On Monday VMware announced the release of vSphere 4.1. VMware published a document describing the new features, and I also recommend checking out VMware CTO Steve Herrod’s post as well as Eric Siebert’s great vSphere 4.1 links post. I was planning to link to several good perspectives on the vSphere 4.1 release, but Siebert’s “links” post has them all and I suggest you take a look.
Granted, I’m a little late to the vSphere 4.1 discussion, but I thought I’d add my two cents nonetheless.
First, the release doesn’t feel like a ‘”.1” update. The feature additions and performance enhancements are fairly significant. Of course, product versions are subjective anyway.
Rather than summarize the new features, I thought it would be best to post a few thoughts about each of the major new additions.

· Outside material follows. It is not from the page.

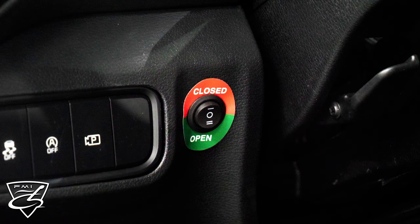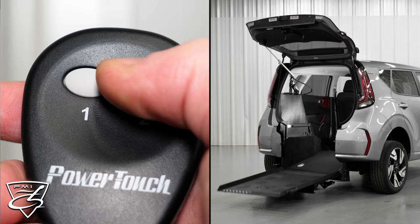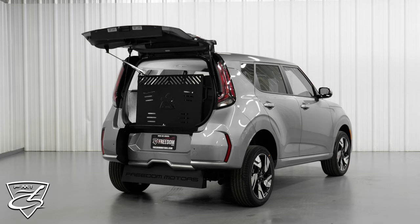One other really cool feature I'd like to point out — we mount a dash-on switch right here, which makes the ramp deploy by the simple push of a button right from the driver position. So you don't always have to use the remote; you can also use the dash-on switch. Now we're going to go ahead and close up the ramp and the hatch by the simple press of a button — push and hold button two, and everything closes up for you.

vSphere 4.1 offers scalability to 3,000 VMs per cluster, 10,000 online VMs (up to 15,000 registered VMs) per vCenter management server, and up to 30,000 VMs managed across vCenter servers in Linked Mode. Cluster scalability to 32 physical nodes – which was introduced in vSphere 4.0 – also remains. Oftentimes vendor scalability numbers are more for marketing bragging rights than for practical implementations. Many storage vendors, for example, want a professional services investment prior to allowing an organization to scale a cluster beyond as few as 8 nodes. It’s good that VMware will support 32-node scalability, but what are its partners saying? It’s time for VMware’s two VCE coalition partners (i.e., Cisco and EMC) at a minimum to step up and offer support clarity. Reference architectures to this scale (and associated support statements) would be ideal. Let’s hear from other storage and server partners while we’re at it. NetApp? Hitachi? HP? IBM? Fujitsu? Dell?

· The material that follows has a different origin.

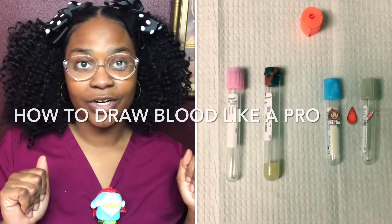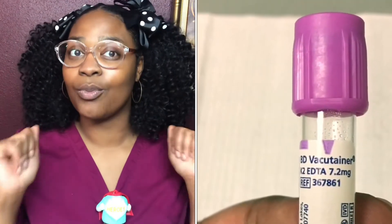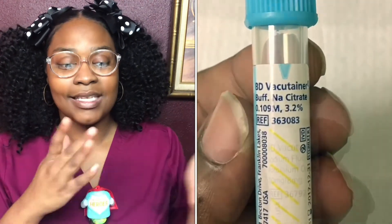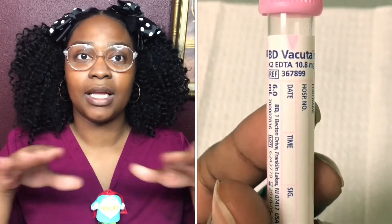What's up YouTube, it's Desi and I'm back on another video. In this video I'm going to talk to you guys on how to draw blood like a pro when it comes to phlebotomy. I am a visual learner so I will have some videos and pictures to show you guys what tubes and everything will be used during phlebotomy. This is to show you step by step the easy process of things to remember when drawing blood.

There are efficiency gains to be had with larger cluster deployments and I know of many clients (not just service providers) who would like to scale their physical clusters to larger numbers, but more guidance is needed from all vendors in the virtualization stack. Kudos to VMware for leading at the hypervisor layer, but their hardware vendors need to join the conversation. Published reference architectures would not only add credibility to VMware’s scalability claims, but also give our clients information they need to scale their own virtual infrastructures.
Storage and Network I/O Control
At the vSphere 4.0 launch in April 2009, I mentioned to Steve Herrod that I planned to ding VMware on the remaining limitations of the Distributed Resource Scheduler (DRS) service – specifically the lack of I/O accounting (you can read my 2009 post on the subject here). To Steve’s credit, he said “Go ahead. We deserve it.” At the time he knew that I was echoing concerns expressed to me by various VMware customers further along in their maturity, so VMware was getting this feedback from multiple sources. That being said, vSphere 4.1’s Storage and Network I/O control features are a big step toward intelligent workload balancing and quality of service (QoS) guarantees that extend to both storage and network I/O. For more information on the Storage I/O Control feature, take a look at Duncan Epping’s post on the subject. The VMware paper “VMware Network I/O Control: Architecture, Performance,and Best Practices” does a very good job describing the Network I/O Control feature.
At this point, storage and network I/O control are a big step in the right direction. VMware VMs are better equipped to get the storage and network I/O they require when they need it. Network I/O control is especially useful for prioritizing different traffic types (e.g., VM, IP storage, or vMotion). What I really like about storage I/O control is the fact that it’s configured at the datastore level. This means that storage I/O control is enforced across all VMs accessing a datastore (e.g., LUN), regardless of on which physical host they reside.
To be clear, both storage and network I/O control are a good first step, but are not yet complete. Both technologies rely on a shares algorithm, meaning that access is a percentage of overall resource availability. This is not the same as guaranteeing a specific amount of network or storage throughput to a given VM. Also, neither feature integrates with VMware’s DRS service. So when DRS decides where to place a VM, only available CPU and memory are considered. Ideally, DRS will evolve to consider network and storage I/O requirements, along with other non-technical criteria such as security zoning requirements when determining the best host for a VM.
You have to walk before you can run, and VMware did a very nice job with the Network and Storage I/O Control implementations. Let’s hope that we’re even closer to true QoS by the next release.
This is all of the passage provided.